Winner Africa Thesis Award 2019: Nsima Udo: 'Visualising the body: photographic clues and the cultural fluidity of Mbopo institution'

The winner of the Africa Thesis Award 2019 is Nsima Stanislaus Udo for his thesis Visualising the body: photographic clues and the cultural fluidity of Mbopo institution, 1914 – 2014. Nsima Udo, of Nigerian nationality, graduated for the MA in History at the University of the Western Cape, South Africa, cum laude. His is currently doing PhD research on festivals and performance in West Africa. The award consists of a prize of 500 euros, publication of his thesis in the ASCL’s African Studies Collection and an invitation to present his thesis at the Award Ceremony on 12 December, during the LeidenASA Annual Meeting.

The thesis unpacks the history of mbopo, a form of female initiation in Southern Nigeria. It argues for the importance of studying popular representations of the ritual and shows the changes of the institution over time, analysing its social meaning and how it has been aesthetically represented and valued differently over time. Through detailed analysis of documentary and visual sources, it shows how it emerges historically, is discredited in the 1990s as a form of female mutilation and is re-appreciated in recent reality TV shows. The jury commends his thesis for being very readable, its original use of visual analysis and how it links detailed insights into the ritual to wider societal transformations. 

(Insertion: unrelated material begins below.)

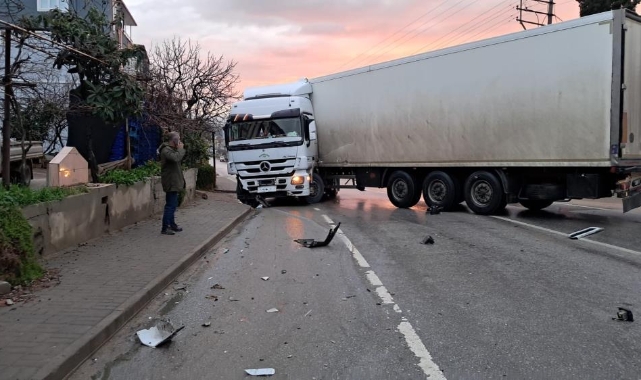 Karşı şeride giren tır otomobil ile kafa kafaya çarpıştı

The jury nominates Juul Marre Kwaks' (Leiden University) thesis Living with the Legacy of Displacement: An Exploration of Non-Return and the Long-Term Effects of Displacement on Social Life in Pabo, Northern Uganda as the second place, runner-up. The thesis makes a very substantive and original contribution to academic and societal debates on migration by providing intimate and sensitive accounts of the lived experiences of internally-displaced people in Uganda. 

The ASCL would like to thank the jury of the Africa Thesis Award 2019 for their careful reading of all theses and their well-thought-through final decision: Dr ir Yves Van Leynseele (chair, University of Amsterdam), Dr Akinyinka Akinyoade (African Studies Centre Leiden); Maral Noshad Sharifi (journalist NRC), Dr ir Lotje de Vries (Wageningen University) and Dr Astrid Van Weyenberg (Leiden University).